Revolutionary Velo-Watts’ CompuTrainer is a microprocessor-controlled indoor ergometer and trainer that refines riding styles to boost racing performance. Bikers of all abilities can bring their two-wheelers in to mount on the virtual tutor’s stationary wheels, allowing for immediate familiarity with their equipment while hooked up to the machine. The video software simulates famous courses that relate to trainee’s desired goals—the Lake Placid or Wisconsin Ironman for a triathlete, the Tour de France for a mountain racer, or downtown San Francisco for a motivated paperboy. While pedaling in place, data is generated showing heart rates, speed, wattage, and number of wheelies popped. After the workout, cyclists can take advantage of shower facilities or squeegee their sweat into a mason jar for a delightful memento.

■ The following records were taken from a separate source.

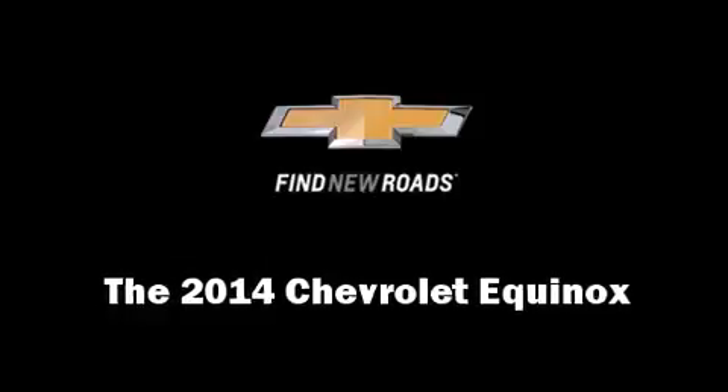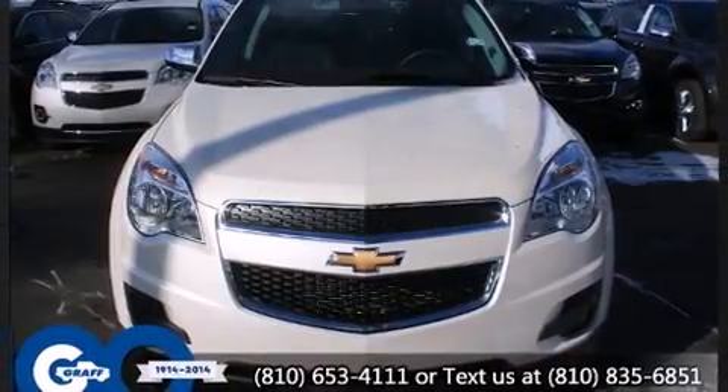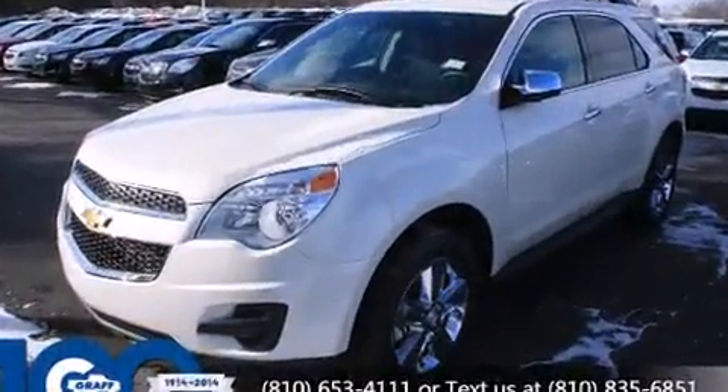Take command of the road in the 2014 Chevrolet Equinox. It features a front-wheel drive platform, an automatic transmission, and a 2.4-liter four-cylinder engine.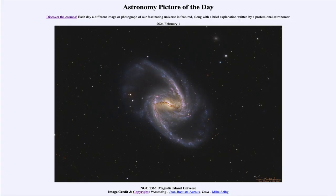Greetings and welcome to the Astronomy Picture of the Day podcast. Today's picture for February 1st of 2024 is titled NGC 1365 Majestic Island Universe.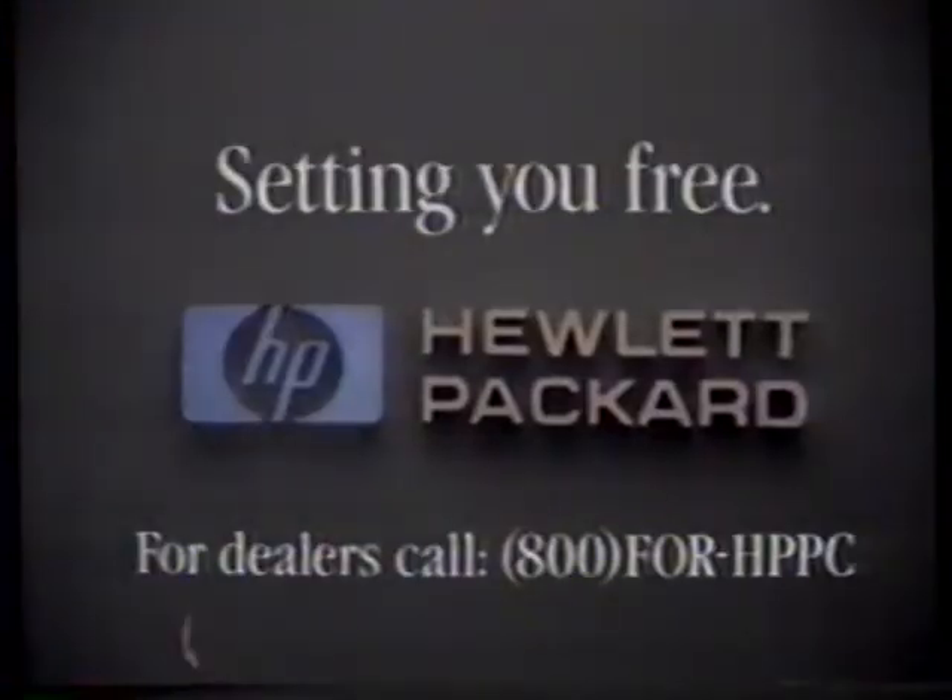With Hewlett-Packard, making your way to the top needn't be such a difficult feat. See the touchscreen personal computer at your nearest Hewlett-Packard dealer.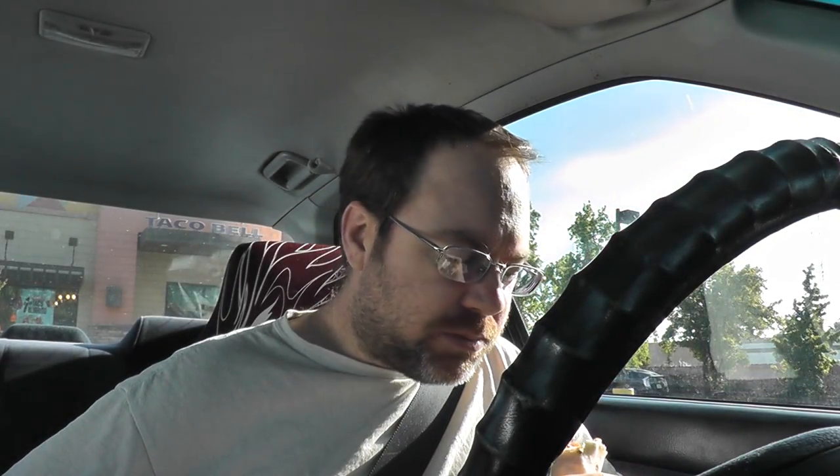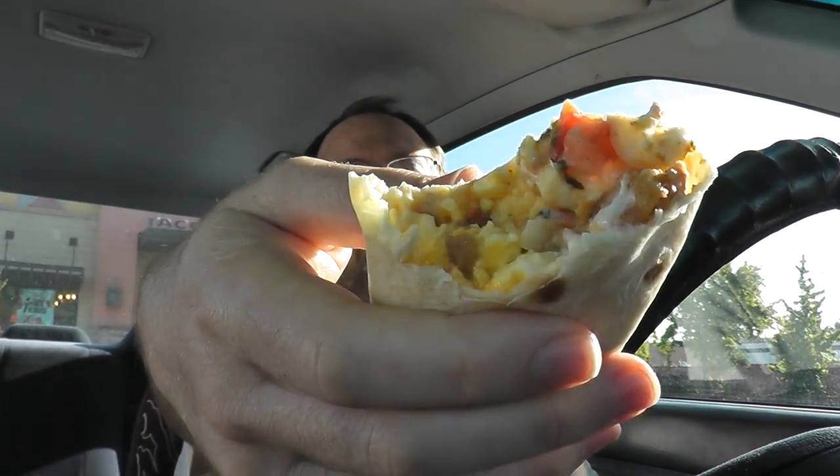I'm not seeing any steak yet. Maybe tiny little pieces mixed in with the scrambled eggs. It's okay — quite a bit different than a typical fast food breakfast. I'm not used to it. This might be my first time ever eating breakfast at Taco Bell.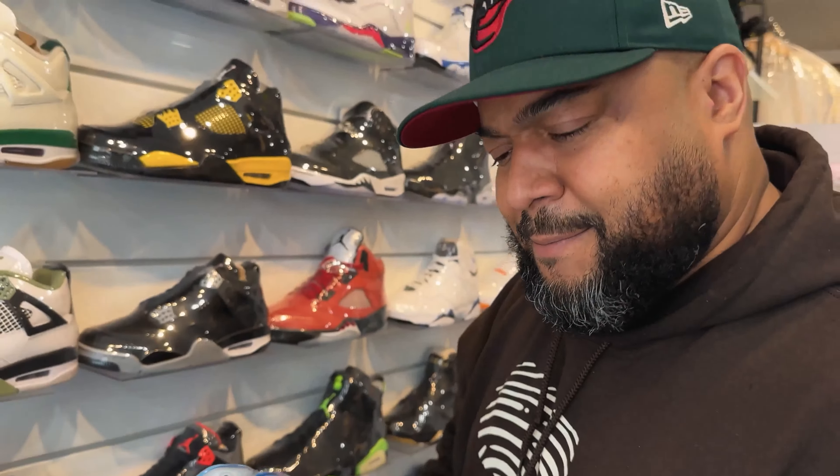I passed on these, might circle back. No prices on stuff.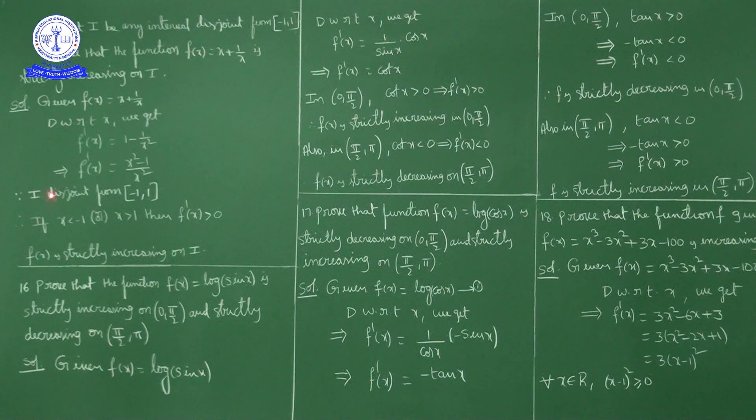Since I is an interval disjoint from the closed interval [-1, +1], any element x belonging to I satisfies x < -1 or x > +1. In either case, x² is always greater than 1, so x² - 1 > 0. The denominator x² is also positive.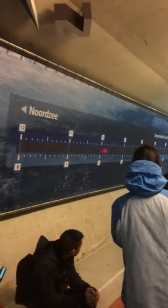On the screen over there you can see a red dot going from the North Sea into the Eastern Scheldt, and this is the current speed of the water.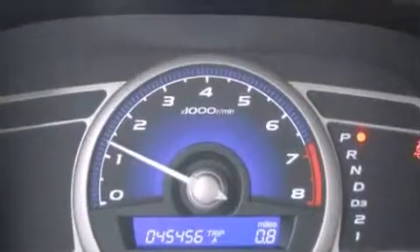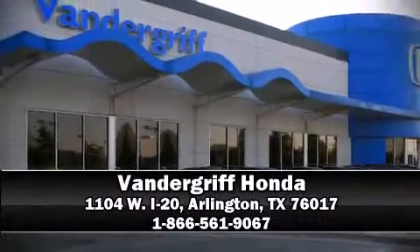Our sales staff will help you find the vehicle that you've been searching for. Stop by our dealership or give us a call for more information.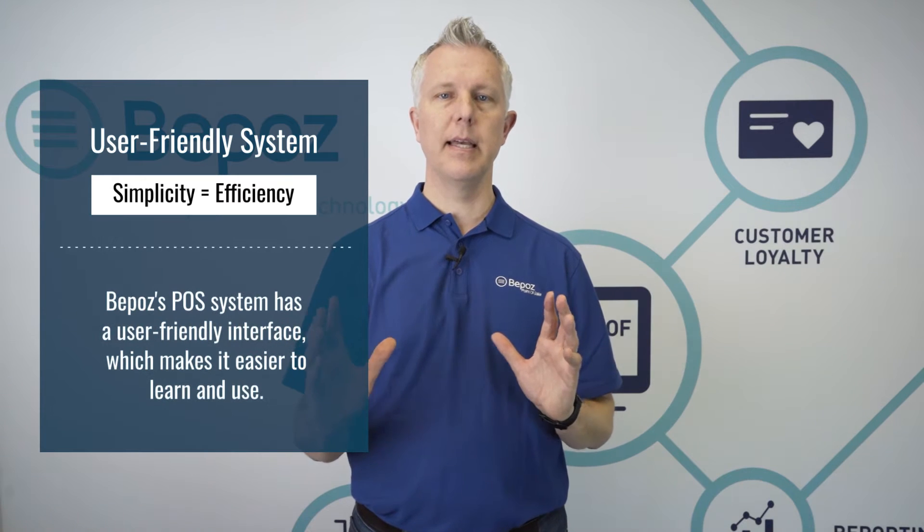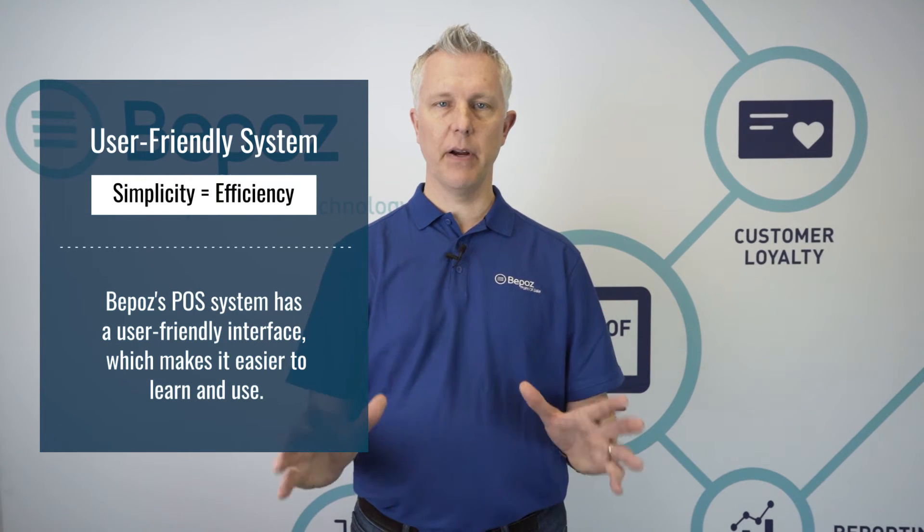We want to talk today specifically about gift shops. A big thing that's important to note is that oftentimes hospital gift shops are run by volunteers, and because the hospital gift shop is run by volunteers, the system just needs to be simple. BPOS gives you a system that's very easy.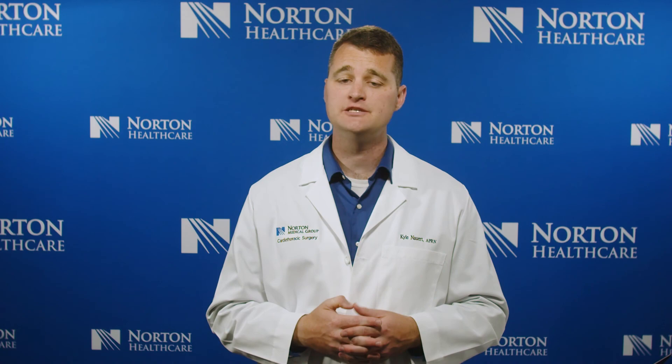Again, thank you for watching today. We appreciate you coming to Norton Healthcare for all of your heart and vascular needs. Should you have any further questions about this video or any follow-up questions, please do not hesitate to give our office a call at the number listed below, and we look forward to seeing you in the hospital.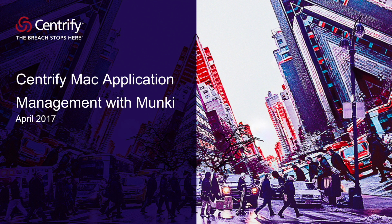Hello and welcome. My name is Peter Havens and I am the Director of Product Management for Endpoint Solutions here at Centrify. Today I'd like to share with you some exciting new work we're releasing related to the installation and management of applications on Mac Endpoints. In the 17.4 release of the Centrify Identity Service, we have tightly integrated with the Munki open-source project to deliver a rich and robust solution for application management.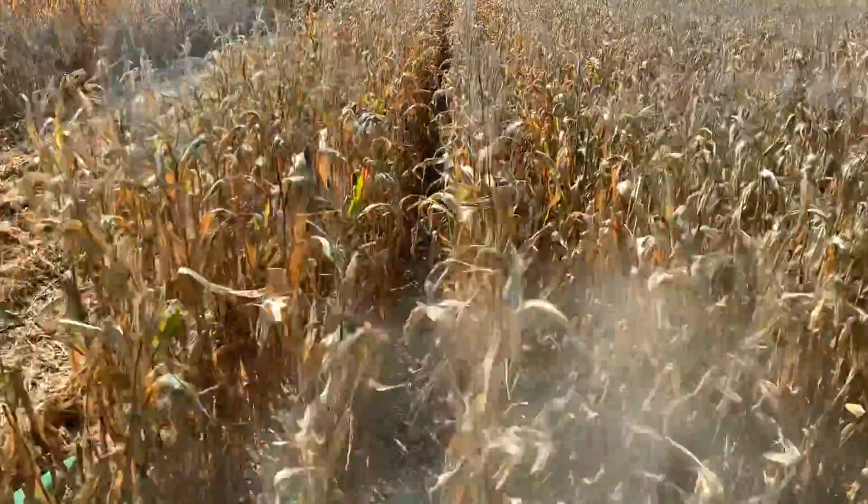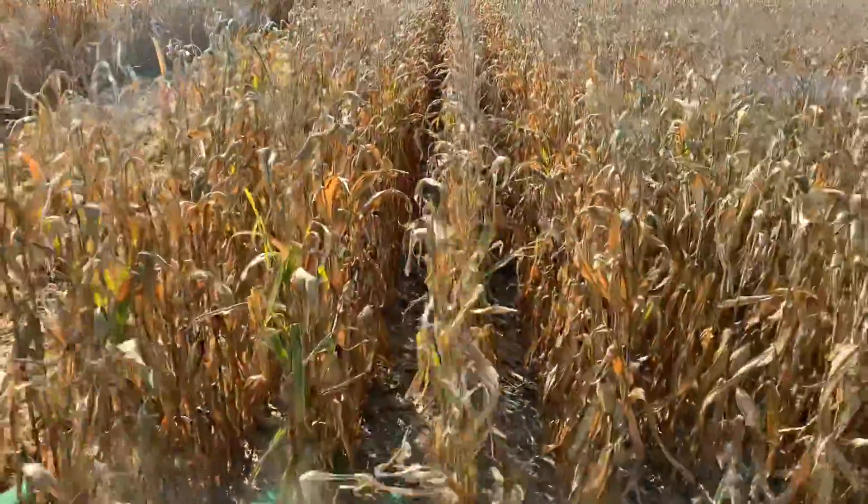The product getting harvested right now is DKC 6794.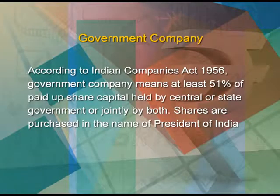What is a government company? According to the Indian Companies Act 1956, a government company means at least 51 percent of paid-up capital held by the central or state government, or jointly by both. Shares are purchased in the name of the President of India.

The team of trainers and athletes at CrossFit ?VITAS work closely with groups of exercisers, running them through the ever-changing Workout of the Day. The constant rotation of fitness regimens ensures that muscles never get so good at one particular movement that they stop developing. The intense workouts blend cardio and plyometrics to build healthy hearts and layers of lean muscle.
Former college-football player Michael Reeves draws on his years of training and a degree in physical education as president of and a personal trainer at Top Form, a gym and field house. Whether training teams of young athletes or adults looking to get into shape, he blends his academic and practical experience to leave clients with a mental cache of exercises and routines. During personal-training sessions for individuals or groups, Reeves’ cadre of instructors uses muscle-isolating equipment such as stability balls, free weights, and medicine balls to shape cores or kick off impromptu games of dodge ball. On the artificial turf of an indoor field, athletes perform functional-movement drills while pulling weight sleds.
Reeves' wife and the gym’s vice president, Jen, leads mothers with newborns and toddlers through yoga-inspired workout classes. Little ones lie down or break dance on mats during the stretch and light-weight session as parents and progeny bond.
Travis Gil believes fitness comes not only from training the body, but from gaining control of the mind as well. He knows that a physical and mental transformation can be intimidating, so he created Fitness Artist to cater to clients one-on-one or in small groups of two or three. He and his staff of fitness professionals alter their regimens in every session, tailoring the workouts to the clients' levels of fitness and individual goals.
With machines set up in rows to encourage competition, many ordinary gyms cater to men's bodies and psychology, right down to the urinals that were "accidentally" installed in the women's locker room. At Curves, you'll move around a circuit of hydraulic resistance machines that have been designed to work with women's bodies and promote weight loss, protect against osteoporosis, and deal with arthritis. An experienced trainer is always nearby to help manage your machine maneuvering and your muscle making. Instead of fiddling with weight stacks and losing your momentum, the hydraulic machines use your body weight and fitness level to create resistance that matches your abilities, decreasing the risk of soreness or injury. Because traditional lift-and-lower motions create bulky muscles, each machine uses push-and-pull motions to create toned, lean muscles perfect for crushing a grapefruit without looking like you can.
It’s said that the human mind has problems visualizing large numbers. So it might be hard to conjure an image of the 700,000 athletes Athletic Republic Clifton Park has trained in their 22-year history. Or even the 2,500 of their students who went on to compete professionally. Instead, it's probably easier to think about the proprietary equipment that fills Athletic Republic’s red-walled gym. There's the super treadmill, which reaches speeds of 28 mph in less than three seconds and inclines up to 40 degrees. There’s a hockey treadmill that angles blades up a slope, boosting skaters' power and agility. And there are conditioning cords that add resistance to common moves from many sports, including baseball, golf, and soccer.
This innovative approach to athletic training has its roots in John Frappier’s time with the US National Team during the 1986 Goodwill Games. After losing repeatedly to the Soviet Union athletes, he discovered the need to improve his team’s training methods, including the machines they worked out on. The technology he developed is still used by Athletic Republic’s certified trainers in group camps and classes, one-on-one training sessions, and carefully synchronized treadmill dances.